I sacerdoti sono invitati a spiegare ai fedeli che si tratta di doverose misure precauzionali, da attuare per il bene della società. Per il momento, si afferma nel comunicato, “non si ritiene di dover prendere altri provvedimenti che possano limitare la vita pastorale”.

Dicevamo delle cifre impossibili da tenere sotto controllo. Basta andare a rileggere i “bollettini di guerra” dei giorni e delle settimane scorse: è un continuo aggiungersi di città e nazioni, un continuo aumentare del numero dei contagiati e delle vittime. Giornali di carta, on line e televisivi non parlano più d’altro da giorni: un fatto di per sé inevitabile, ma che contribuisce non poco ad alimentare la preoccupazione e l’agitazione e ad ispirare comportamenti assurdi nella gente. La scomparsa delle mascherine dai negozi e dei cibi dagli scaffali dei supermercati ne sono una conferma.
09corona_virus1Non ha contribuito a rasserenare gli animi, in Italia, l’uscita del presidente del Consiglio Conte, che ha addossato alle regioni comportamenti improntati all’improvvisazione, suscitando l’immediata reazione dei “governatori”, i quali, per parte loro, non parlano allo stesso modo quando si tratta di proteggere i propri territori e di denunciare comportamenti discriminatori da parte di colleghi delle regioni, per il momento, meno colpite. Anche qui, il momento difficile richiederebbe piuttosto atteggiamenti di collaborazione, invece di cercare medaglie da appuntare al petto. Verrà il giorno in cui si potranno tirare le somme per definire gli errori ed assumersi le responsabilità!

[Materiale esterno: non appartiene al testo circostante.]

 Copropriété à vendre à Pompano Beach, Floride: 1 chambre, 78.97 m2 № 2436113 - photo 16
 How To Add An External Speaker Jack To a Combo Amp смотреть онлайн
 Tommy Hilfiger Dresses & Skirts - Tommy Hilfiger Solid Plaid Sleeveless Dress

Al momento in cui scriviamo, è il Nord Italia la zona più provata. Liguria, Piemonte, Lombardia e Veneto le regioni più colpite, con queste ultime due segnate dalla presenza di focolai di infezione che hanno portato alla messa in quarantena e isolamento di interi comuni e zone abitate. Ma anche il Trentino e il Friuli Venezia Giulia sono coinvolti pesantemente.
Di conseguenza, drastici sono i provvedimenti presi: si va dalla chiusura delle scuole a quella di musei, teatri e, in alcuni casi, anche cinema; chiusure anticipate dei locali pubblici; sospese le attività sportive dilettantistiche; partite a porte chiuse per le serie di calcio maggiori; sospensione di manifestazioni, concorsi, processi; messe sospese e chiese chiuse.

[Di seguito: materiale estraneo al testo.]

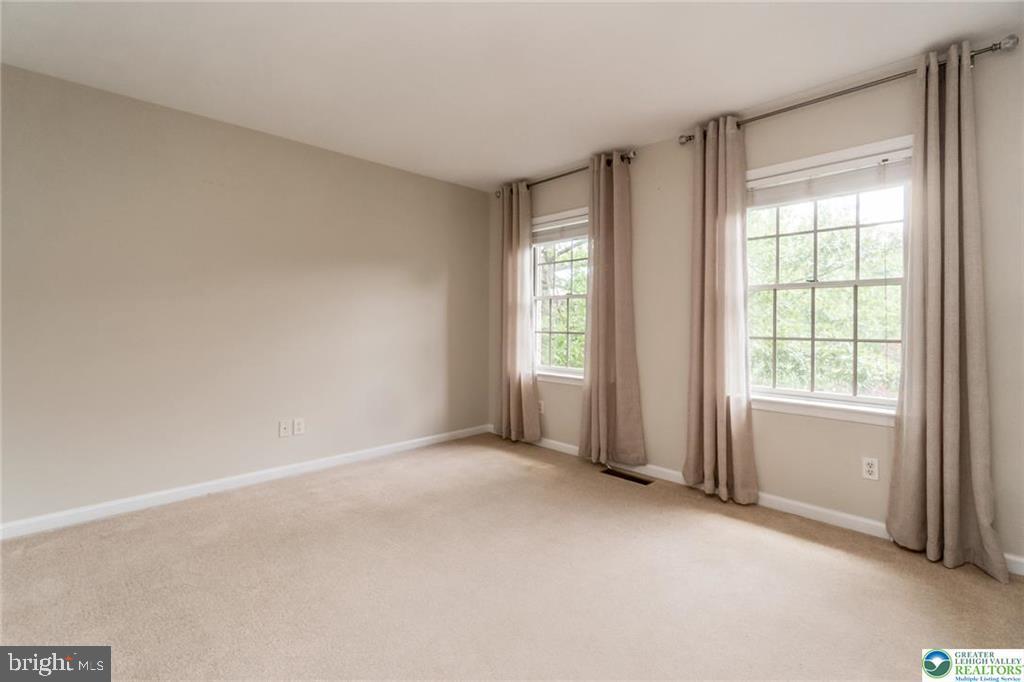 2165 Beechwood St Property Photo 23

Tutte le regioni, poi, anche le meno colpite, hanno predisposto linee telefoniche per chi voglia segnalare situazioni di rischio o anche solo dubbie e si stanno predisponendo strutture provvisorie per far fronte ad eventuali aumenti incontrollati di ricoveri.

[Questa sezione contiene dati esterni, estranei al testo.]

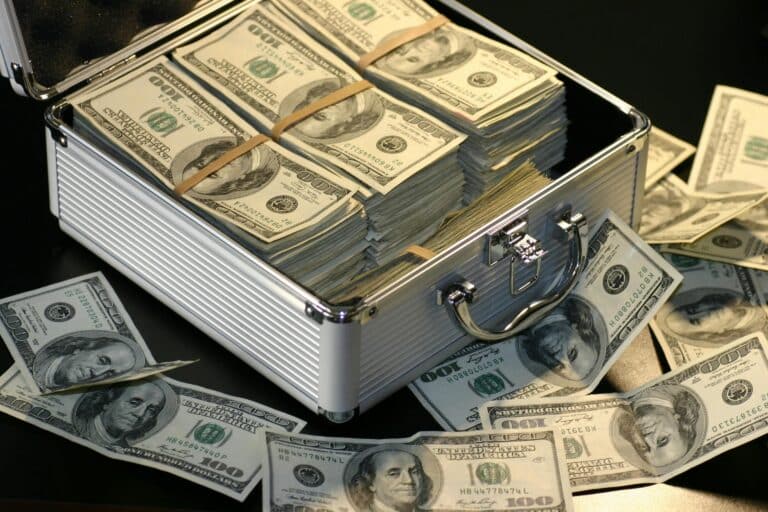 Foreign Currencies Weaken Against UZS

Tutto questo fa capire che, come si diceva sopra, molto possono fare a che i singoli cittadini, assumendo atteggiamenti responsabili, soprattutto negli spostamenti ad ampio raggio. Nella vita di tutti i giorni, a detta degli esperti, dovrebbero bastare una igiene personale accurata e un po’ di prudenza riguardo ai momenti di socializzazione.
Non è, quindi, giustificato il panico, che può solo portare ulteriori disagi. Anche perché, fin dal primo giorno, gli scienziati affermano che da una parte il virus è più contagioso di altri, ma meno “cattivo” nei danni che può arrecare.